• What you have to do
For the records that follow, please set down exactly the lines between the one holding "Creioane colorate 12" and the one holding "Vanity Art Freestanding", inclusive, and only those.

[Scraped caption text data]
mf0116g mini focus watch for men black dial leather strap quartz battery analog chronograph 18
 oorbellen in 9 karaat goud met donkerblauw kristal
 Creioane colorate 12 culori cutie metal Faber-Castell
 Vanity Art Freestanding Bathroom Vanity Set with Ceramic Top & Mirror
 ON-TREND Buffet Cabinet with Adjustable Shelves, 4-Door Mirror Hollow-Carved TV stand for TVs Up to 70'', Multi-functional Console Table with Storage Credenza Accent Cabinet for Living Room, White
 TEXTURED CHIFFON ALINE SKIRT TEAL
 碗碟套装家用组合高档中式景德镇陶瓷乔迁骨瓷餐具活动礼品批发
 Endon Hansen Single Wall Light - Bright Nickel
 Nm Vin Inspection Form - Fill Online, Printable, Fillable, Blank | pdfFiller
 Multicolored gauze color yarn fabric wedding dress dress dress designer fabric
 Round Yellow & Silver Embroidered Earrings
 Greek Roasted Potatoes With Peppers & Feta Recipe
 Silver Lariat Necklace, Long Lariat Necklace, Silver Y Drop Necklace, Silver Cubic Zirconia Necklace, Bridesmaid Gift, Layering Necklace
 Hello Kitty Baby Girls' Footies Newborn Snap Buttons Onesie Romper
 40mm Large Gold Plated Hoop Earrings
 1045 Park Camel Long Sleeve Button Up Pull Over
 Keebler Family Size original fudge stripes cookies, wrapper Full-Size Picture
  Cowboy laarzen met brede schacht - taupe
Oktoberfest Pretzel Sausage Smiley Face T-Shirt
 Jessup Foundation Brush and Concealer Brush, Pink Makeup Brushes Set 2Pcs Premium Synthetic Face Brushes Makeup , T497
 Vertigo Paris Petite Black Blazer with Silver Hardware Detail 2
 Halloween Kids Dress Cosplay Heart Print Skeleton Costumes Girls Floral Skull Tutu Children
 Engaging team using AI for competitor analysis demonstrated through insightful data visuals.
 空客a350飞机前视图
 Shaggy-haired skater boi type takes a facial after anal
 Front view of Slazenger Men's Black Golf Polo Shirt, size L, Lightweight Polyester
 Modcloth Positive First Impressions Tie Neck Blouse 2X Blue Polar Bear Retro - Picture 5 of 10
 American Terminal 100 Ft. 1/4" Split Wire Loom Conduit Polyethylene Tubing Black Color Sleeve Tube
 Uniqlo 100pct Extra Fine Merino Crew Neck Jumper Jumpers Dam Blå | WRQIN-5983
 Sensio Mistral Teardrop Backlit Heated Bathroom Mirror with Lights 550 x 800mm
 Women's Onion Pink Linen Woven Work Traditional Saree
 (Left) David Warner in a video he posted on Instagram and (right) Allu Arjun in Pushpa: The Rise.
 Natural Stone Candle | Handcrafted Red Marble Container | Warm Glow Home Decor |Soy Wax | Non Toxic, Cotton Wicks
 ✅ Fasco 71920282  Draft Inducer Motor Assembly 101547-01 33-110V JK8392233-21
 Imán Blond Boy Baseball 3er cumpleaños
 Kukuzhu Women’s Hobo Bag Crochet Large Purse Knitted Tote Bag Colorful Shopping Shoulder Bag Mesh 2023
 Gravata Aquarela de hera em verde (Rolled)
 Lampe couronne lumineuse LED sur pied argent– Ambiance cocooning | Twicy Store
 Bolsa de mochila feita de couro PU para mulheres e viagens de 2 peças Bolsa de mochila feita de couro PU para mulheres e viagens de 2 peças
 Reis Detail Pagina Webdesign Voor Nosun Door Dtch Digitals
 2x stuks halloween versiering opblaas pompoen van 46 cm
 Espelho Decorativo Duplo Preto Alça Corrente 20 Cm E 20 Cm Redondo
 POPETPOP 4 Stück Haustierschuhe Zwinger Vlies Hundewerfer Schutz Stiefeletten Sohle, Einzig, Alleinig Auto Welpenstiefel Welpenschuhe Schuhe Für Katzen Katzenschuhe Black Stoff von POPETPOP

• Task response
 Creioane colorate 12 culori cutie metal Faber-Castell
 Vanity Art Freestanding Bathroom Vanity Set with Ceramic Top & Mirror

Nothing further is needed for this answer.